■ **Problem to solve**
Having located "Johnson's Locust Hall Farm - 77", write out its line and the remaining lines of the material exactly, the last one included, but not the pictures.

■ **Exercise material**
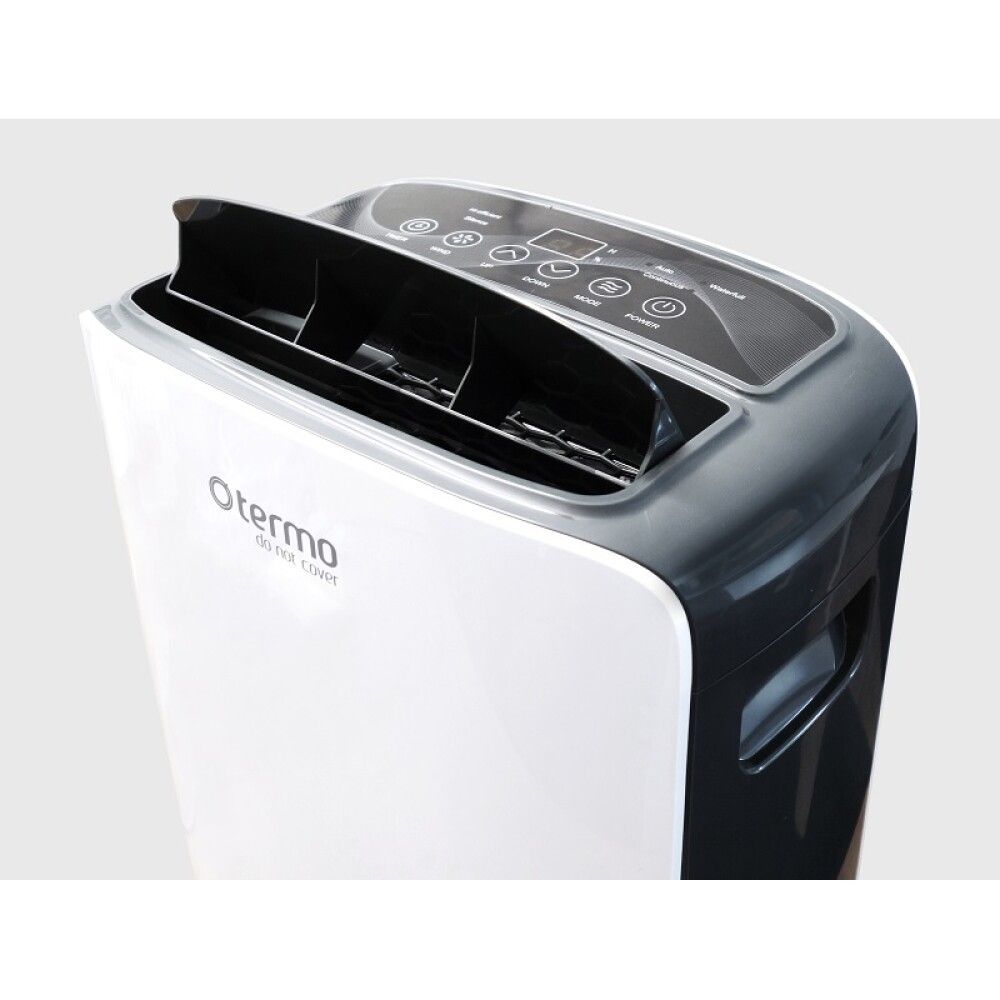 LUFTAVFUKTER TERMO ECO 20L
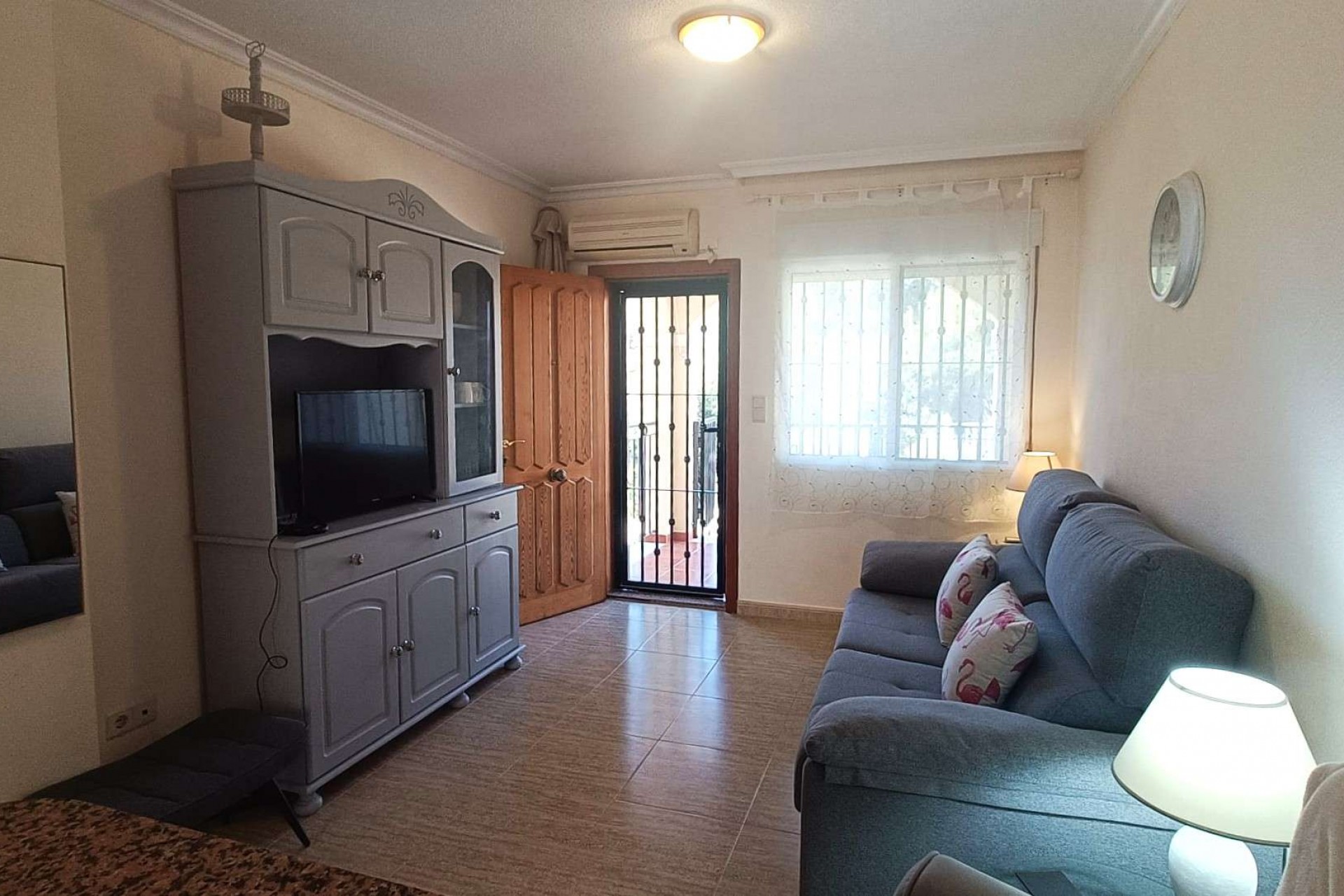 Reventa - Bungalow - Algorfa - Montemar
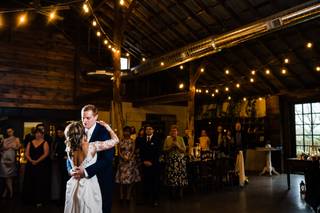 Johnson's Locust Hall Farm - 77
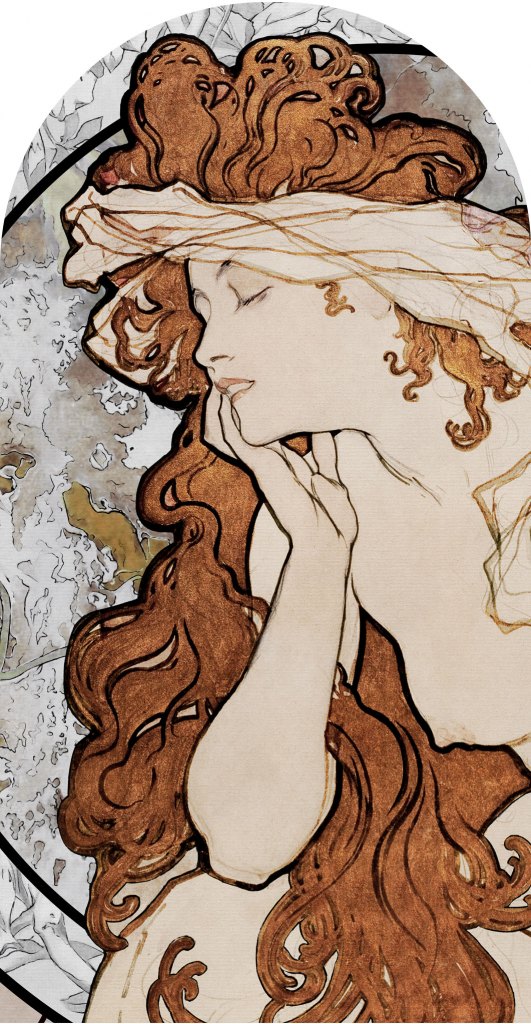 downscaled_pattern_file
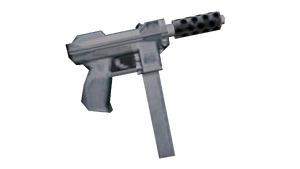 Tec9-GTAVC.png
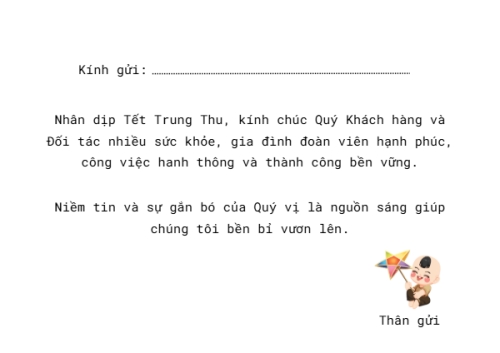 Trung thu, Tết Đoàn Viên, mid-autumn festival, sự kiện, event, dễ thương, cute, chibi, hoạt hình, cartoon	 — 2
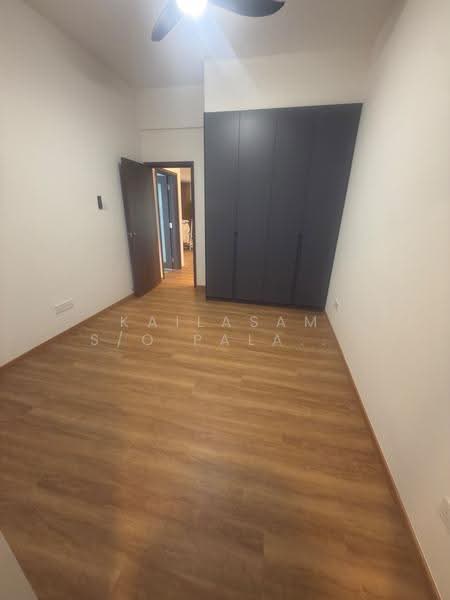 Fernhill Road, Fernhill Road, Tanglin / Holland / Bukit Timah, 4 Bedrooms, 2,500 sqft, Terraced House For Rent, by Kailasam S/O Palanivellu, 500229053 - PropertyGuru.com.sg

■ **Output**
 Johnson's Locust Hall Farm - 77
 downscaled_pattern_file
 Tec9-GTAVC.png
 Trung thu, Tết Đoàn Viên, mid-autumn festival, sự kiện, event, dễ thương, cute, chibi, hoạt hình, cartoon	 — 2
 Fernhill Road, Fernhill Road, Tanglin / Holland / Bukit Timah, 4 Bedrooms, 2,500 sqft, Terraced House For Rent, by Kailasam S/O Palanivellu, 500229053 - PropertyGuru.com.sg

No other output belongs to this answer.